Fidé et Feten Fdhili
Découvert au festival de Cannes en mai dernier, le premier long métrage de la réalisatrice tunisienne Erige Sehiri ne pouvait rêver d’un timing plus opportun que cette sortie hivernale. Il prend pour cadre un verger ensoleillé où se déroule la cueillette traditionnelle des figues. L’occasion pour les plus jeunes de flirter et pour leurs aînés de les observer avec autant de malice que de nostalgie. Le temps semble littéralement s’être arrêté sur ce havre de paix paradisiaque dans le cadre duquel se déroule un rituel immémorial qui favorise l’éveil des sens et l’ouverture à des sentiments encore bruts. La mise en scène excelle sur le registre de la sensualité la plus hédoniste qui soit, en soulignant l’osmose sensorielle qui s’établit entre ces ouvrières agricoles et la nature, sur fond d’éveil de sentiments parfois encore indéfinis. Dès lors, résumer Sous les figues consisterait à additionner des émotions et des sensations, tant ses protagonistes semblent vivre leur quotidien de labeur dans l’insouciance. Il y a délibérément quelque chose du jardin d’Eden dans cette plantation d’arbres fruitiers chargée de symboles mythologiques.

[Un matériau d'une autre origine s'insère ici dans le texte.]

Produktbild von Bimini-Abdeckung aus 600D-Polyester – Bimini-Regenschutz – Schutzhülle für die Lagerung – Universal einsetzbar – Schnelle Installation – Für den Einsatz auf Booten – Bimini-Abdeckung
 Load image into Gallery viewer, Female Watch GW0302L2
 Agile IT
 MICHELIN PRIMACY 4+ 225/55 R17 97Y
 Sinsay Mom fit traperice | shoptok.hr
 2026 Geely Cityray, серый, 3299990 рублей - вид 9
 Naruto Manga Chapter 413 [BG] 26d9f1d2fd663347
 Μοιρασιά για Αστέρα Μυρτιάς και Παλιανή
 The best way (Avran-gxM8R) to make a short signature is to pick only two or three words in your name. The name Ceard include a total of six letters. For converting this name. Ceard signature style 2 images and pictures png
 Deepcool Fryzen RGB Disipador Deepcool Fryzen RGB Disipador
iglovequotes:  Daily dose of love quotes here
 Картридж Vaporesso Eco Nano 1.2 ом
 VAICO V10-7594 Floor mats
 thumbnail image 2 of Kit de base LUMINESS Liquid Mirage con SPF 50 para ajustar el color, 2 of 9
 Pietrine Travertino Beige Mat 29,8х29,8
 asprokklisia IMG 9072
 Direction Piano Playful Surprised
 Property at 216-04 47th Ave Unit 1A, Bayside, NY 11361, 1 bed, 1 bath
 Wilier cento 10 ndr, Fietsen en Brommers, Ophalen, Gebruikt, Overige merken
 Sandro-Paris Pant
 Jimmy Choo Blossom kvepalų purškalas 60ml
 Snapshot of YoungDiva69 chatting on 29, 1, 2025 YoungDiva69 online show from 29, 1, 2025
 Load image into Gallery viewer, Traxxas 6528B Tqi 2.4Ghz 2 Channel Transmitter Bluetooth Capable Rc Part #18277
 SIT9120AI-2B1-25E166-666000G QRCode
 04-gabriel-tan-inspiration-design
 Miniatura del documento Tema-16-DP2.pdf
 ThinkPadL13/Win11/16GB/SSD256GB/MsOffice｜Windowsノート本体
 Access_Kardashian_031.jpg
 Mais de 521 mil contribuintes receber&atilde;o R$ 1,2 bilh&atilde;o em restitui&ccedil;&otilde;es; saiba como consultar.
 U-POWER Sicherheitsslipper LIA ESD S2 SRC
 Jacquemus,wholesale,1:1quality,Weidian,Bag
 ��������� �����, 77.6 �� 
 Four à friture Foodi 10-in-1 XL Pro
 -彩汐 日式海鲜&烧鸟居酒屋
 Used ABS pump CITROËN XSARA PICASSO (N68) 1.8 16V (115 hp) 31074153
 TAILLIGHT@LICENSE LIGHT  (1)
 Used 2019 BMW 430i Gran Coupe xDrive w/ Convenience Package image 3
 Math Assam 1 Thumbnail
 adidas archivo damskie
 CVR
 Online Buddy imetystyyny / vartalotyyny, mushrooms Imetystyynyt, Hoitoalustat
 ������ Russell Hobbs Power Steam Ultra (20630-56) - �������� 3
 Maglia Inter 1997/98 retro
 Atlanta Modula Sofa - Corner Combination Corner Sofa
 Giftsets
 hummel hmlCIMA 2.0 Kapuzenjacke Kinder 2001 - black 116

Abdelhak Mrabti et Fidé Fdhili
Issue du documentaire, Erige Sehiri observe ces cueilleurs avec une empathie communicative. Elle excelle à décrire les gestes les plus infimes du quotidien et utilise sa caméra pour caresser ses protagonistes, avec la complicité notable de sa directrice de la photographie, Frida Marzouk, qui confère à ce film résolument contemplatif une sensualité rare qui passe autant par la beauté de la nature que par le grain satiné de la peau des cueilleuses. Le scénario écrit par la réalisatrice avec Ghalya Lacroix (la complice habituelle d’Abdellatif Kechiche) et Peggy Hamann présente la particularité de s’attarder sur des gestes infimes afin de créer une atmosphère profondément envoûtante qui nous donne l’illusion d’être les témoins invisibles de ces scènes de la vie quotidienne à ciel ouvert où les êtres s’approchent et se frôlent avec autant d’insouciance que d’innocence. Une véritable symphonie de corps et de visages filmés souvent en plans rapprochés, afin de mieux suggérer ce que la pudeur interdit d’exprimer trop ostensiblement dans une Tunisie pionnière d’une révolution arabe qui est demeurée inachevée. Bref, quelques minutes de soleil en plus particulièrement bienvenues à une période qui en a sans doute besoin plus qu’aucune autre.